# Exercise
Write out exactly, excluding pictures, the lines from the one containing "Adria Arjona nel" through the end of the data, both included.

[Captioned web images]
━━━
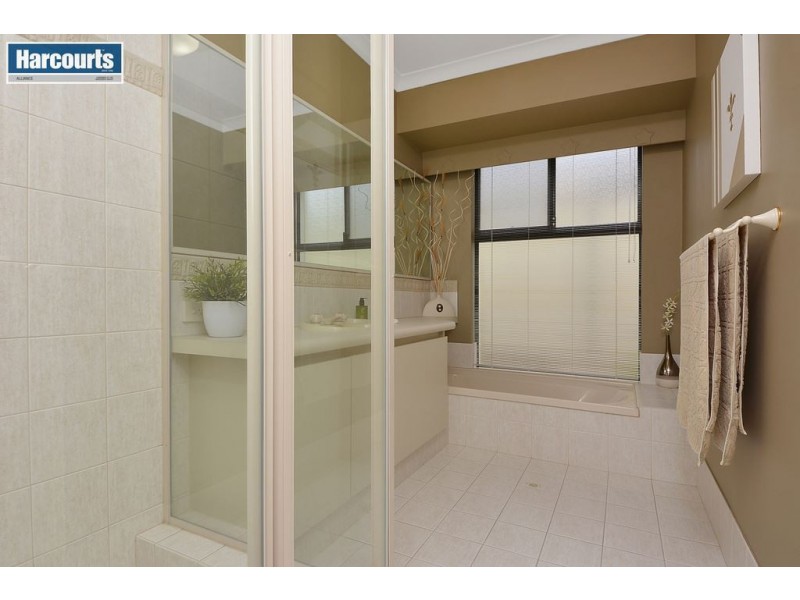 1 Bute Court, Kinross WA 6028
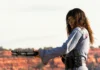 Adria Arjona nel film Onslaught – Assalto Finale.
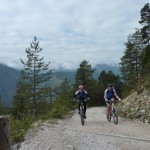 Martin und Thompson am steilen Anstieg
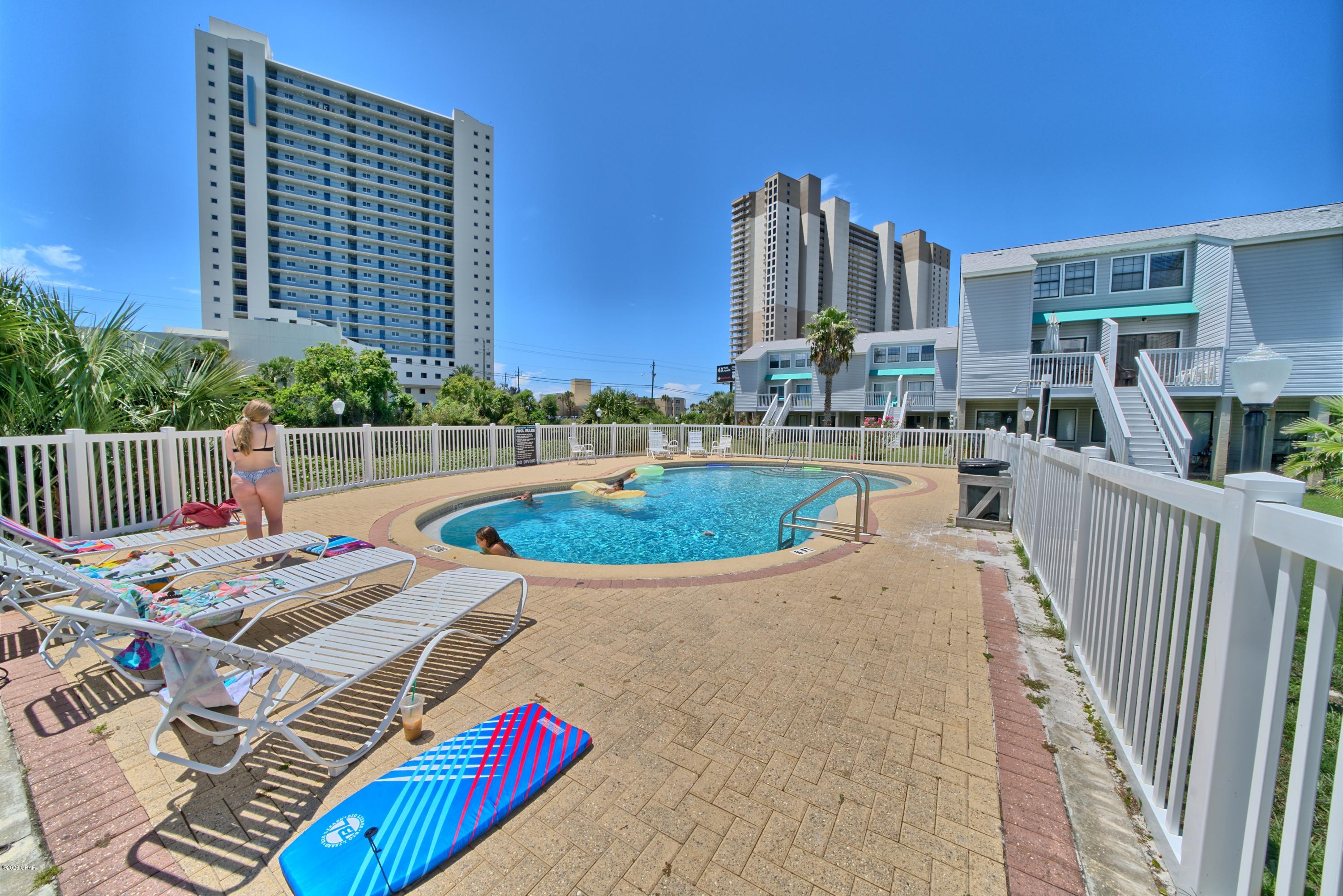 Lullwater Beach - Residential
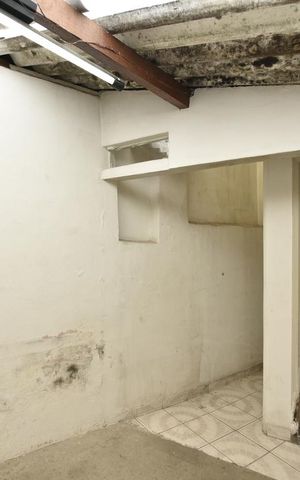Casa à venda com 100m², 3 quartos e 1 vagaÁrea externa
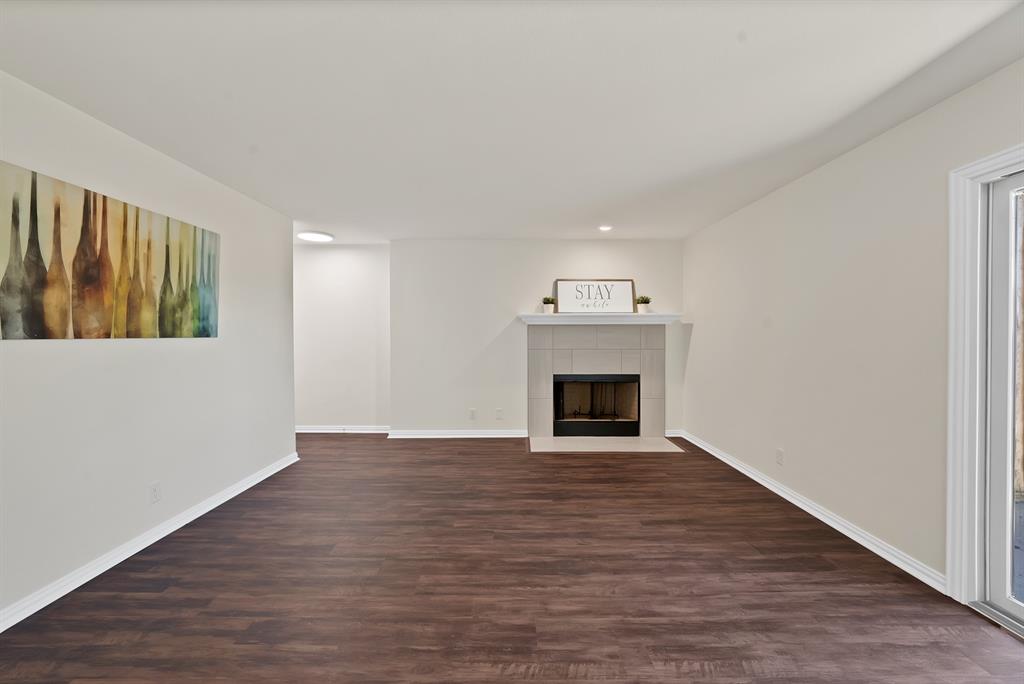 Cloisters Condo The - Residential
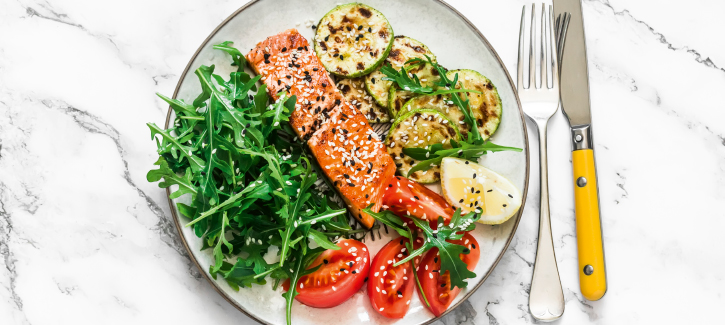 Lachsfilet mit Zucchini und Rucola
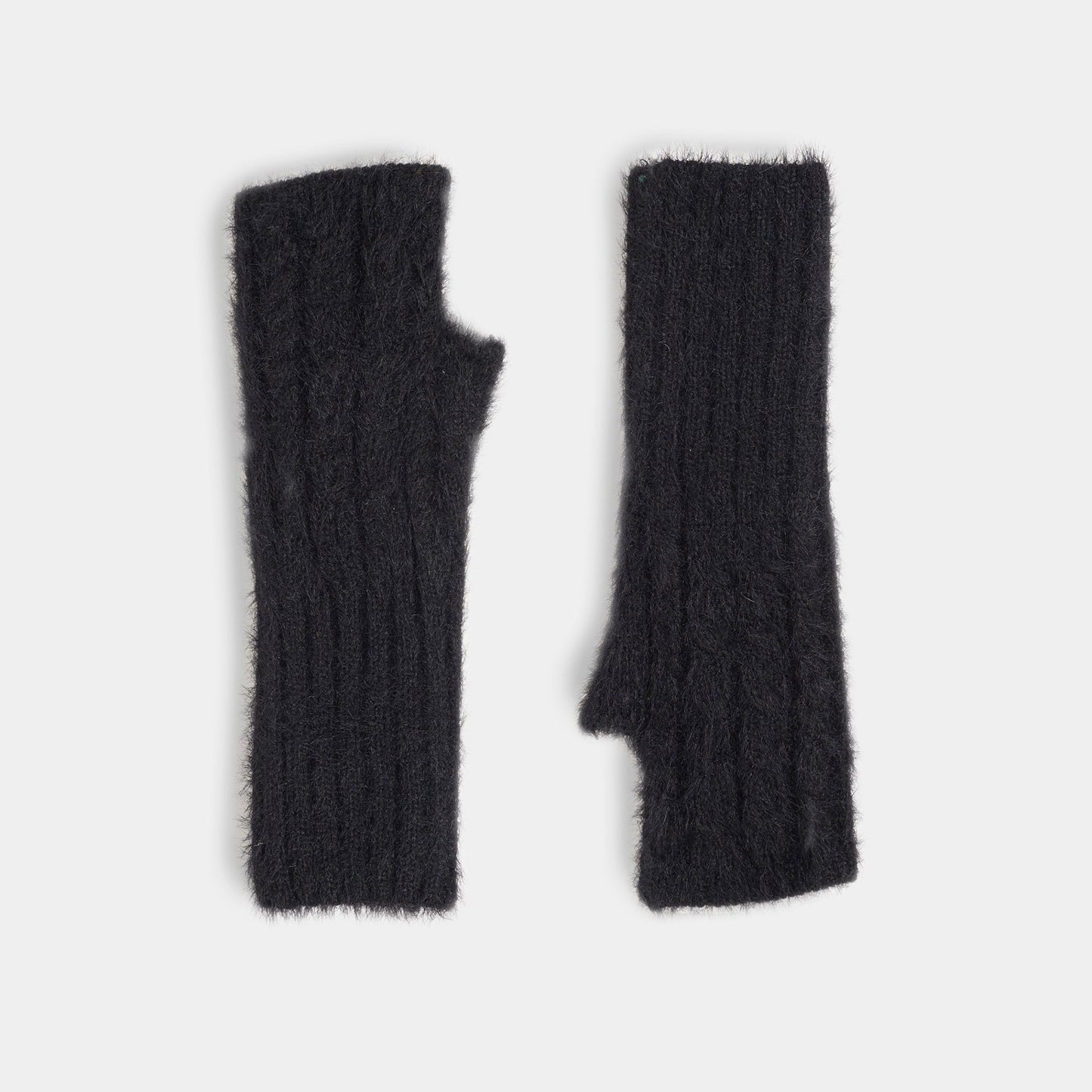 Cable Fingerless Mittens Black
━━━
# Task result
 Adria Arjona nel film Onslaught – Assalto Finale.
 Martin und Thompson am steilen Anstieg
 Lullwater Beach - Residential
Casa à venda com 100m², 3 quartos e 1 vagaÁrea externa
 Cloisters Condo The - Residential
 Lachsfilet mit Zucchini und Rucola
 Cable Fingerless Mittens Black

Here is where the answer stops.